El Sargento Juan Romero de Acosta, \"alías\" Terrazas, vecino del pueblo de Jalapa, hijo legítimo de Antonio de Acosta Clemente y María de Salazar Romero, otorga su testamento donde declara deber a algunas personas, manda se les paguen; tiene como bienes la casa de su morada con una troje, 3 yuntas de bueyes, 3 caballos mansos, 4 yeguas, 2 mulas de carga, entre otros bienes. Declara ser casado con Mariana Terrazas, quien no trajo dote alguna. Deja como albacea testamentaria a su mujer y como herederos a sus hijos.

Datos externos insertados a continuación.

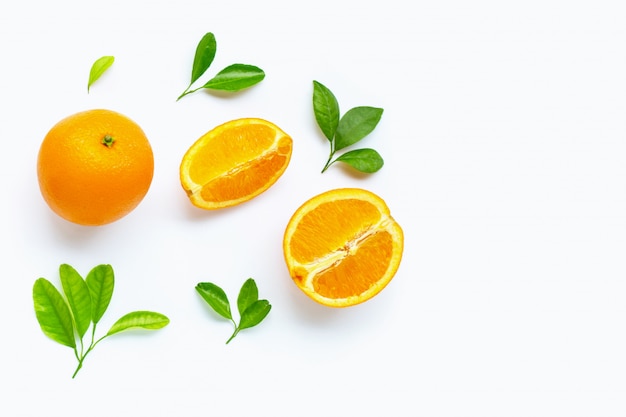 Fresh orange citrus fruit with leaves isolated on white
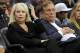 FILE - In this Nov. 12, 2010, file photo, Shelly Sterling sits with her husband, Donald Sterling, right, during the Los Angeles Clippers' NBA basketball game against the Detroit Pistons in Los Angeles. Former Los Angeles Clippers owner Donald Sterling and his wife Shelly Sterling have decided to stay in their six-decade marriage. (AP Photo/Mark J. Terrill, File)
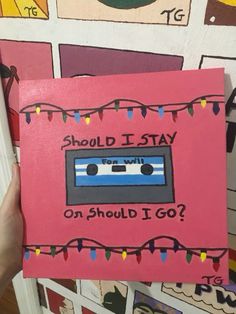 a hand holding up a pink card with an old school cassette on it that says should i stay on should i go?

Doña Gertrudis Margarita Velázquez Zavala, viuda de don José Antonio de Santa Ana Cagigas, junto con sus hijos y herederos de dicho difunto, venden al Doctor José Suárez, Cura de esta Doctrina de Jalapa, un molino de pan moler y casas que lindan al oriente con la calle que va a dicho molino y solares de María Soltero y Juan Romero de Acosta, alias Terrazas, al sur con dicho molino, presa del agua, río de Santiago y tierras de don Juan Ricardo, al poniente con solar que fue de Simón Blanco Navarrete y al norte con solar de Patricio José de Santamaría y Luisa Terrazas, al precio de 3, 200 pesos.
Mateo José Viveros, vecino del pueblo de Jalapa, con testamento hecho el 1 de octubre de 1749, declara que por vía de codicilio, sustituye el nombramiento de albacea que otorgó a su hermano Modesto Antonio Viveros, nombrando en ese cargo a Juan Romero de Acosta y a su mujer Josefa Lagunes.
Miguel Romero de Acosta, vecino de este pueblo de Jalapa, hijo legítimo de Juan Romero de Acosta y de Maríana Terrazas, realiza testamento, en el cual nombra como albacea a Juana de Meléndez, su esposa, en compañía de Juan Romero de Acosta, hermano del poderdante, y como herederos nombra a María Manuela, casada con Manuel José de Acosta, Antonia Romualda y Margarita de Jesús, sus hijas legítimas.